The newline character is interpreted by the shell here I think, \n is required in the actual JSON format I believe.
If I add a LUA filter to output the specific key then it looks ok, my only concern is the multiline:
$ docker run --rm -it -v $PWD/:/fluent-bit/etc/:ro fluent/fluent-bit
Fluent Bit v1.9.6
* Copyright (C) 2015-2022 The Fluent Bit Authors
* Fluent Bit is a CNCF sub-project under the umbrella of Fluentd
* https://fluentbit.io
[2022/08/08 09:40:33] [ info] [fluent bit] version=1.9.6, commit=b30141ba90, pid=1
[2022/08/08 09:40:33] [ info] [storage] version=1.2.0, type=memory-only, sync=normal, checksum=disabled, max_chunks_up=128
[2022/08/08 09:40:33] [ info] [cmetrics] version=0.3.5
[2022/08/08 09:40:33] [ info] [sp] stream processor started
[2022/08/08 09:40:33] [ info] [output:stdout:stdout.0] worker #0 started
lua: {"tags": ["role:web", "env:prod"], "timestamp": "2022-07-29T14:47:16.733977Z", "level": "INFO", "host": "python-gunicorn-webapp-86849477d6-2qhnb", "path": "/myapp.py", "message": "Request on /path
", "logger": "myapp"}
lua: {"tags": ["role:web", "env:prod"], "timestamp": "2022-07-29T14:47:18.506932Z", "level": "INFO", "host": "python-gunicorn-webapp-86849477d6-2qhnb", "path": "/myapp.py", "message": "Request on /path
", "logger": "myapp"}
fluent-bit.conf:
[SERVICE]
Parsers_file parser.conf
[INPUT]
Name Tail
Read_from_head on
Path /fluent-bit/etc/test.log
[FILTER]
Name parser
Parser docker
Key_name log
Match *
[FILTER]
Name lua
Match *
script test.lua
call cb_print
[OUTPUT]
Name stdout
Match *
test.lua:
function cb_print(tag, timestamp, record)
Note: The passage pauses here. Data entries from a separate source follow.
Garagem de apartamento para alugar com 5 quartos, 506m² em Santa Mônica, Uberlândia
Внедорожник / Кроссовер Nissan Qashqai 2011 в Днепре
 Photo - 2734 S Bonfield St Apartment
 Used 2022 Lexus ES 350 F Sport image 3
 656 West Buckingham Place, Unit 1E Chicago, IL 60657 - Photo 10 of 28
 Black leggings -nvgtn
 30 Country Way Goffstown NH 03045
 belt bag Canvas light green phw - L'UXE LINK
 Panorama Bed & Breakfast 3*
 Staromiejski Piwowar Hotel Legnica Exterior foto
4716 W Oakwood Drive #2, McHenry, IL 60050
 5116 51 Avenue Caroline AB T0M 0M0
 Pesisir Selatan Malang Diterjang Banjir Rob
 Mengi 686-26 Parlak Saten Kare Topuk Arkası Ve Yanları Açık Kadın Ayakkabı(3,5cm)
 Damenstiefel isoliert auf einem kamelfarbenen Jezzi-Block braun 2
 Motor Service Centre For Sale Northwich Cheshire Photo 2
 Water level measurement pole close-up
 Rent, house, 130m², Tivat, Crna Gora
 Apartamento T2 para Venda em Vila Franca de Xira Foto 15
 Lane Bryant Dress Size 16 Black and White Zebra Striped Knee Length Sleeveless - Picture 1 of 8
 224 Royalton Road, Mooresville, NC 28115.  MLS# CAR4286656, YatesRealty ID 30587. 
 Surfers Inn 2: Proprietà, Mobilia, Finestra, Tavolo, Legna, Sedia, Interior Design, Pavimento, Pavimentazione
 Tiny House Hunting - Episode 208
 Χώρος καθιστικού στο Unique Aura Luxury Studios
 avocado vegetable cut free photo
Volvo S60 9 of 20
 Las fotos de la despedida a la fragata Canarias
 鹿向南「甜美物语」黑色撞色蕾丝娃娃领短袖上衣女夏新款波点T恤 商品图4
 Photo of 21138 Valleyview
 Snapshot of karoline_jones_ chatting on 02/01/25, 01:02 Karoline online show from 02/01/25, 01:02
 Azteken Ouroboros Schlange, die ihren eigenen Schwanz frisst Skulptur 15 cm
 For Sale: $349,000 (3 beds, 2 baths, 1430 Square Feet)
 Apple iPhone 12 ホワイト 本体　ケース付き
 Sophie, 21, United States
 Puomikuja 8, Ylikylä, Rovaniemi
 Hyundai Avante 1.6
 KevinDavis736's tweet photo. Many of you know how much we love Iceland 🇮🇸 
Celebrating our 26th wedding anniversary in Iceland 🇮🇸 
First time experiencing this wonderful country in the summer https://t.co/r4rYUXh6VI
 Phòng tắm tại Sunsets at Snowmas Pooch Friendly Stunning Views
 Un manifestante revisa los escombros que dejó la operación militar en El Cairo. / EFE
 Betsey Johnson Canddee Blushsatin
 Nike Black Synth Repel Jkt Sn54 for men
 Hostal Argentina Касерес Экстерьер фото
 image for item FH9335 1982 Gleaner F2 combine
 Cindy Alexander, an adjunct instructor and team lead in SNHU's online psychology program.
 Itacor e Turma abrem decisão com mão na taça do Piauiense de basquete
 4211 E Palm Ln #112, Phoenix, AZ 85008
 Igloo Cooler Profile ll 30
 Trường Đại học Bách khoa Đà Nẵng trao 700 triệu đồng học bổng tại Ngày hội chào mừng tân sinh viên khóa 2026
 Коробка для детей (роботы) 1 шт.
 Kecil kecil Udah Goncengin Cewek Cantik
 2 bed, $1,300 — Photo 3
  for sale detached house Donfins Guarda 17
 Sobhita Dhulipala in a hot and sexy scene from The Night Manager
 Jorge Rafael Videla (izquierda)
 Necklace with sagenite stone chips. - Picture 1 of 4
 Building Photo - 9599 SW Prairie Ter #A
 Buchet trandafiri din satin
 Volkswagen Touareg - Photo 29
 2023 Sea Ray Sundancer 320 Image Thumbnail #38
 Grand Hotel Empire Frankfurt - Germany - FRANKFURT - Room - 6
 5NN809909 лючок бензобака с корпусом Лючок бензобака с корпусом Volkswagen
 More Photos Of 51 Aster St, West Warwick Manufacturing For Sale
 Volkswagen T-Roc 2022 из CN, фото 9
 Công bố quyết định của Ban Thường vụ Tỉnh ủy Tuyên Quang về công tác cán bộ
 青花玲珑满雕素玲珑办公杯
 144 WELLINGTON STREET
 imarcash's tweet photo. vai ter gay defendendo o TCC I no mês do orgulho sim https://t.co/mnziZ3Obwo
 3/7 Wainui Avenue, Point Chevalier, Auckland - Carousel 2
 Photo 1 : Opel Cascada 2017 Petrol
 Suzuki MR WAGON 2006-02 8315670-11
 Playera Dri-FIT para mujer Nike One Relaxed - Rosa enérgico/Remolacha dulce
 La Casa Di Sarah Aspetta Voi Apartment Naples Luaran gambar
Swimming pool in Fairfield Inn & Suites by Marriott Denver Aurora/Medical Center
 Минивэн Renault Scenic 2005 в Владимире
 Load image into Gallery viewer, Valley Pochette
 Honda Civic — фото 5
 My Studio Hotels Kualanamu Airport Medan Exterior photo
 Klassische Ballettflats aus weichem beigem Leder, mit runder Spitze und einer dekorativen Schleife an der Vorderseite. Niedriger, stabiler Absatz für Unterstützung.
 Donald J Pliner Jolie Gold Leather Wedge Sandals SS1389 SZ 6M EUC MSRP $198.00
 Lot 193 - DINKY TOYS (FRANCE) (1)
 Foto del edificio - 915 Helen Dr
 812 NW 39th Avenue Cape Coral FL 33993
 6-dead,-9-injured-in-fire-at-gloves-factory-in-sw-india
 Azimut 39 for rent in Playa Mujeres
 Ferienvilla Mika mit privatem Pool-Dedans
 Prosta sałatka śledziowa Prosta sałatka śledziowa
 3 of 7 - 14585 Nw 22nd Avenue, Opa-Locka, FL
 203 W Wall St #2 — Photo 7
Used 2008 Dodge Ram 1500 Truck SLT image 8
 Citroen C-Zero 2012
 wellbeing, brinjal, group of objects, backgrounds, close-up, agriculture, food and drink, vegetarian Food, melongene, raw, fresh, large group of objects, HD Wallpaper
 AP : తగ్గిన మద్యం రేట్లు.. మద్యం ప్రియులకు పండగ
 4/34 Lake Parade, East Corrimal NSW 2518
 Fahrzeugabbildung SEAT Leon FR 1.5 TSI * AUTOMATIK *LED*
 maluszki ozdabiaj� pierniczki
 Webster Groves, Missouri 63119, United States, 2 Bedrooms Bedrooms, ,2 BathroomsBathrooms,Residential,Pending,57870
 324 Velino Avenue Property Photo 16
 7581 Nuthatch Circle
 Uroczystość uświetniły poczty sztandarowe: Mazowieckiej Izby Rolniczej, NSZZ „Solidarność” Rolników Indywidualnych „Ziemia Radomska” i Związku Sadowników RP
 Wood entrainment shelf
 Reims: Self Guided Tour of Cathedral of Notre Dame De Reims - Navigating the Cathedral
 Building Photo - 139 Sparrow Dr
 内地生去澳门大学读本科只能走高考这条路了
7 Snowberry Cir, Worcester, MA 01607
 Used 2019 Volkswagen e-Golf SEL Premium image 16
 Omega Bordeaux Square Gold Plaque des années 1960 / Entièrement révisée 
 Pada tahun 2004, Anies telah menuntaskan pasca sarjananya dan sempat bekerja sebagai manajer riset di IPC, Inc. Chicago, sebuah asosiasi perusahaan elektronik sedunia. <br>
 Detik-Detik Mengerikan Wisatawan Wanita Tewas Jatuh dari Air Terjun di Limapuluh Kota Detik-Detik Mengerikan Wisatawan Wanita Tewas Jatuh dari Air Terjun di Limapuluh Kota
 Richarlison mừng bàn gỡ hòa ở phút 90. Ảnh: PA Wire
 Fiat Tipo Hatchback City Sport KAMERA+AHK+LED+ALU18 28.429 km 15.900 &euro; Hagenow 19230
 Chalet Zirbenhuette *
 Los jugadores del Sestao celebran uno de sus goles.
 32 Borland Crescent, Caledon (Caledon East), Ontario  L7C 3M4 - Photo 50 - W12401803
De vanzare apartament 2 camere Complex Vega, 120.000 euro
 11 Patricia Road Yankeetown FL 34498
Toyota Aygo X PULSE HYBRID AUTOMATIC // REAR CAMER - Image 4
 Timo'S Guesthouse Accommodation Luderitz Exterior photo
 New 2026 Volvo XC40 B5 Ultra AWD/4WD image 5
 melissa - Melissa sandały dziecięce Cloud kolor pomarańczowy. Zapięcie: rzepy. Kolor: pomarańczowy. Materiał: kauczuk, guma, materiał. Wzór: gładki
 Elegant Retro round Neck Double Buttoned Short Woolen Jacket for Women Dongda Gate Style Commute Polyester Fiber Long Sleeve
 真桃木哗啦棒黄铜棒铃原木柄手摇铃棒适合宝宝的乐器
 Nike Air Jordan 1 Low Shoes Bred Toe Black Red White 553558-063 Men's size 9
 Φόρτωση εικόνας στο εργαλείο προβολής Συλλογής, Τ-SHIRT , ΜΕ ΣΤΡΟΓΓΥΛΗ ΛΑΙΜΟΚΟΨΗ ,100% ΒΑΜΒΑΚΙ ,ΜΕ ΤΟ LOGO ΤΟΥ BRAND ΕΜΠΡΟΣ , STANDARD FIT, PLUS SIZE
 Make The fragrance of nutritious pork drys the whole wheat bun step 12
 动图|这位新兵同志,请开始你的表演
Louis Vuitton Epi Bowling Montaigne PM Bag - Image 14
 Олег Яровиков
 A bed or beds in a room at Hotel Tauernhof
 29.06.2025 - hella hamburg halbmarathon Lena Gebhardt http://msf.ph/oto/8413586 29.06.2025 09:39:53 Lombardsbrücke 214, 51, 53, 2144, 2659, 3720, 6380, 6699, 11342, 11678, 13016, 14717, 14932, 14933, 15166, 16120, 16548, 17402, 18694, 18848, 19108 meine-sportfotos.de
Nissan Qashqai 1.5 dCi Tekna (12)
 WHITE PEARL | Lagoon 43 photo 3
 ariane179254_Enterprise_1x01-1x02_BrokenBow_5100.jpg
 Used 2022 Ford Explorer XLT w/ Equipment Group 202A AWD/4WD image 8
print("lua:", record['log'])
return 0, timestamp, record
end
This issue is stale because it has been open 90 days with no activity. Remove stale label or comment or this will be closed in 5 days. Maintainers can add the exempt-stale label.
This issue was closed because it has been stalled for 5 days with no activity.